それを世間では武力集団と言うのだが、DIOは持っていないと押し通すつもりらしい。

もしくはサイコパス的な解釈で本気でそう思っているか。

そんな基本、頭のネジがどこかぶっ飛んでいるスタンド使いの中でも、とりわけサイコパスだった邪悪の化身の転生であるお前が言うのか?という視線をまるっと無視してDIOが神月財閥の説明をする。

よくテロリスト認定をされないものだと思う。(アーシスや伊集院財閥も含む)

因みにだが、DIOはうろ覚えしか記憶していない神月財閥私設軍隊の衛星兵器。それも事実である。

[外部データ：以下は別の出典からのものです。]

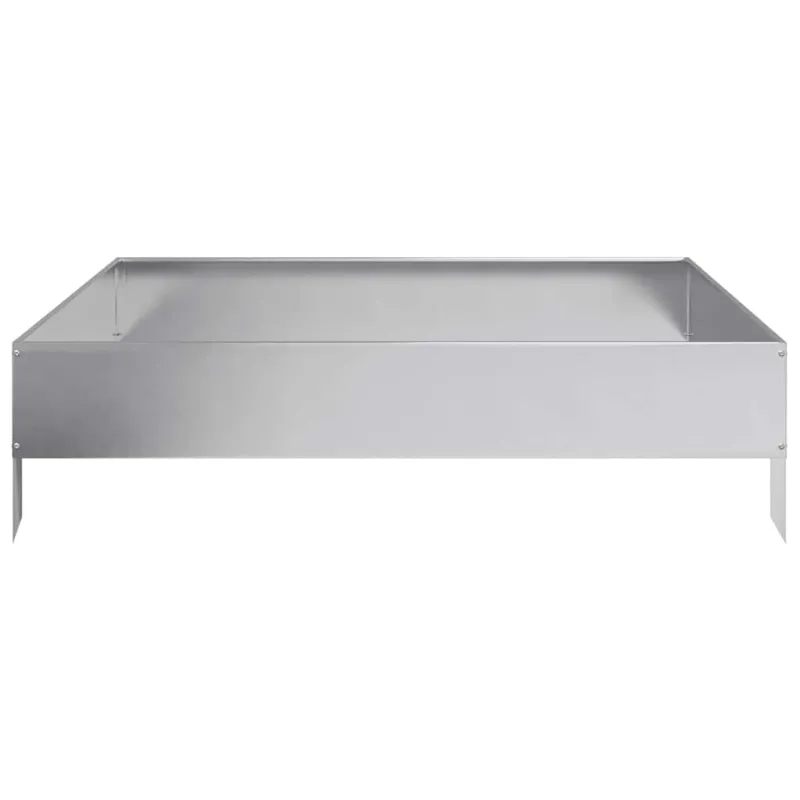 Aukštas sodo lovelis, 100x100x26cm, galvanizuotas plienas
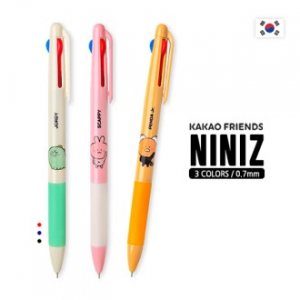 카카오프렌즈 니니즈 3색 볼펜(0.7)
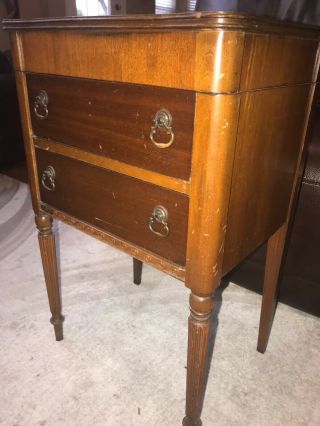 Antique The Caswell Runyon Company Perfect Sewing Cabinets 2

神月財閥もゼロキャノンと似たような衛星兵器を持っている。(ストリートファイターZERO3、神月かりんのエンディング参照)

敵がとんでもない組織なら、こちらもとんでもない組織を味方に引き込もうと言うのがDIOの考えである。

 

DIO「上手くいけば……なんだよなー」

 

 

一方…………

地球衛星軌道上

 

Ms.OFUKURO「あらあら。こんな物騒な物をいくつも量産しちゃって………」

 

某機動戦士に出てきそうな戦略兵器を目の前にポキポキと指を鳴らす規格外オブ規格外。

シャドルーがゼロキャノンを参考にして打ち上げた物である。

 

Ms.OFUKURO「こういうものはポーイ♪シャドルーの秘密基地にポーイ♪こういう時、最近DIO達か倒したヴィヴァーノ・ウエストウッドがいたら楽なんだけどねー。ああ、でも飛騨に○ィア○○彗星を呼ばれたら大変か。別のウルフスのウィルスを含んでいるってはなしだったしねー」

 

角度を定めて量産型ゼロキャノンを蹴り飛ばすMs.OFUKURO。

大気圏の圧縮で燃え尽きないように緩やかな角度を付けつつ、目標に落下させるのは至難の技のはずなのだが、何でもないようにやってのける。

 

Ms.OFUKURO「え?摩擦で燃えてるんじゃないのかって?そ・れ・は・間違い♪大気圏突入で燃えてるのは圧縮で燃えてるの♪」

 

一体誰に説明をしているのやら……。

 

その日、タイのシャドルー秘密基地では大量のゼロキャノンが降り注いだ。